"""
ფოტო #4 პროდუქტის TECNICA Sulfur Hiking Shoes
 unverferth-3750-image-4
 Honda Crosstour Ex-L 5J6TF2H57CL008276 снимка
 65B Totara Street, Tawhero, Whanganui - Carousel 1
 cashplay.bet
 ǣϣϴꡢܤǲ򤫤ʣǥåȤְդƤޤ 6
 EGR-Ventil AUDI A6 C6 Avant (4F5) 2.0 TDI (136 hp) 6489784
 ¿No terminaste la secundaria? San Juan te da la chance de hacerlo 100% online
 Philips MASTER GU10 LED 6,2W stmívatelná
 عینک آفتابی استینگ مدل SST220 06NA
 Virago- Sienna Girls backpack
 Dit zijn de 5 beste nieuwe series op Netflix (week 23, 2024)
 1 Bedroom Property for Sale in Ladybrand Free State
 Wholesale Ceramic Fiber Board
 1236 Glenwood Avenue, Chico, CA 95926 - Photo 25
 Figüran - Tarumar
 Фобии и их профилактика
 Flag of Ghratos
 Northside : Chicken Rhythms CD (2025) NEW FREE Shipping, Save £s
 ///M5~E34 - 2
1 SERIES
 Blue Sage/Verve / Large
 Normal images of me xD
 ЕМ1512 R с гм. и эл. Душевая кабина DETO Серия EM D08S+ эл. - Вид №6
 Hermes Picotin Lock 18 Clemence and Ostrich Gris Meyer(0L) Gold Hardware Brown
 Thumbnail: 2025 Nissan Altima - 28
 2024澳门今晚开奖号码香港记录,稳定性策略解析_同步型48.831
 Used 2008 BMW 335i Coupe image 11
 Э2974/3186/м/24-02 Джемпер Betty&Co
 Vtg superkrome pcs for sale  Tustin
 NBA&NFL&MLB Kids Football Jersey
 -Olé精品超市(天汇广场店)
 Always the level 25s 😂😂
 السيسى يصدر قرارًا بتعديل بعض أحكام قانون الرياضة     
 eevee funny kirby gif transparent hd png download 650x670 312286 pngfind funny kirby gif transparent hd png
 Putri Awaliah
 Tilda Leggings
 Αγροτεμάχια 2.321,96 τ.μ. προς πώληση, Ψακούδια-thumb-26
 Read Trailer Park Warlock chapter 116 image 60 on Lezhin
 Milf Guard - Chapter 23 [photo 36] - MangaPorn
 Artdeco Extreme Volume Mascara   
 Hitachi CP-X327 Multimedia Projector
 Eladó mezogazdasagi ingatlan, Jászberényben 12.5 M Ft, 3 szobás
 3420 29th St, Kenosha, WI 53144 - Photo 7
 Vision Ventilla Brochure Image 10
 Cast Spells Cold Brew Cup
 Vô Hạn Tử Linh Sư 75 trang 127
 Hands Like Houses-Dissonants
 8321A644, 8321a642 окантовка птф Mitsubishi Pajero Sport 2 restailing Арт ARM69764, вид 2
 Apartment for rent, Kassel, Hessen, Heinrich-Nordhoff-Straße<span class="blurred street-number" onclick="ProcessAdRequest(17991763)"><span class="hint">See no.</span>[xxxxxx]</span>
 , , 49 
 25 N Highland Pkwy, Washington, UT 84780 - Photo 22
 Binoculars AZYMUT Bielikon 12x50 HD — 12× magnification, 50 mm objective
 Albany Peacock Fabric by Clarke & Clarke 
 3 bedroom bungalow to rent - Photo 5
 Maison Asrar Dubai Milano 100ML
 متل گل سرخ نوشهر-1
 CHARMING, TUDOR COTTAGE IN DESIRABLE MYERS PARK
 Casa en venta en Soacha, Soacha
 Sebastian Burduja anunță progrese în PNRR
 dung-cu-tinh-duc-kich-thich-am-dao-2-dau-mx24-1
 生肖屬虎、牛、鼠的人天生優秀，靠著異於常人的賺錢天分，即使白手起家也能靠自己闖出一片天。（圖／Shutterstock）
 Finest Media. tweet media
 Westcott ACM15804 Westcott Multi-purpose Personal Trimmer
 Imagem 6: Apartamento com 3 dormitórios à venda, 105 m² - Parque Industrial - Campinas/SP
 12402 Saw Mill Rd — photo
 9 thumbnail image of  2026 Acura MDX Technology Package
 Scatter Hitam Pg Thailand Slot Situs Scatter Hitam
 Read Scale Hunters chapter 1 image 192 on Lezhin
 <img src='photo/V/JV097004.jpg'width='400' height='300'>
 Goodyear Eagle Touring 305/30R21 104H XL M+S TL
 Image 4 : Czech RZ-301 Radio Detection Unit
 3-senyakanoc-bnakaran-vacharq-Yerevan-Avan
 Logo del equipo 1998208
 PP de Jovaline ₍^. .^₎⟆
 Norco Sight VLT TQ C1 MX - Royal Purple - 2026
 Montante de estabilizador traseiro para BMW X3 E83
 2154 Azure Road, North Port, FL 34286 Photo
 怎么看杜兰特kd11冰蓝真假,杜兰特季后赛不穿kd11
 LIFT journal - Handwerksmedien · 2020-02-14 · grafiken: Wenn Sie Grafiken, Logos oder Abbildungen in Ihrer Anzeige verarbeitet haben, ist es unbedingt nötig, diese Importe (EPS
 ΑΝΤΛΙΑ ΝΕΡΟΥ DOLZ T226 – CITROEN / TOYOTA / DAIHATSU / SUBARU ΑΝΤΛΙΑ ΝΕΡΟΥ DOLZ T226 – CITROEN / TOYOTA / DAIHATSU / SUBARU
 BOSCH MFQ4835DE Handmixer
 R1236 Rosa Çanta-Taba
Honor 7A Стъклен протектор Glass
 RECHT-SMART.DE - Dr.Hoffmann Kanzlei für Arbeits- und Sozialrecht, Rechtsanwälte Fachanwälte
"""
- _TASK ITEM_: Write out every line of the entries that holds the word "Read".

- _THE ANSWER_:
 Read Trailer Park Warlock chapter 116 image 60 on Lezhin
 Read Scale Hunters chapter 1 image 192 on Lezhin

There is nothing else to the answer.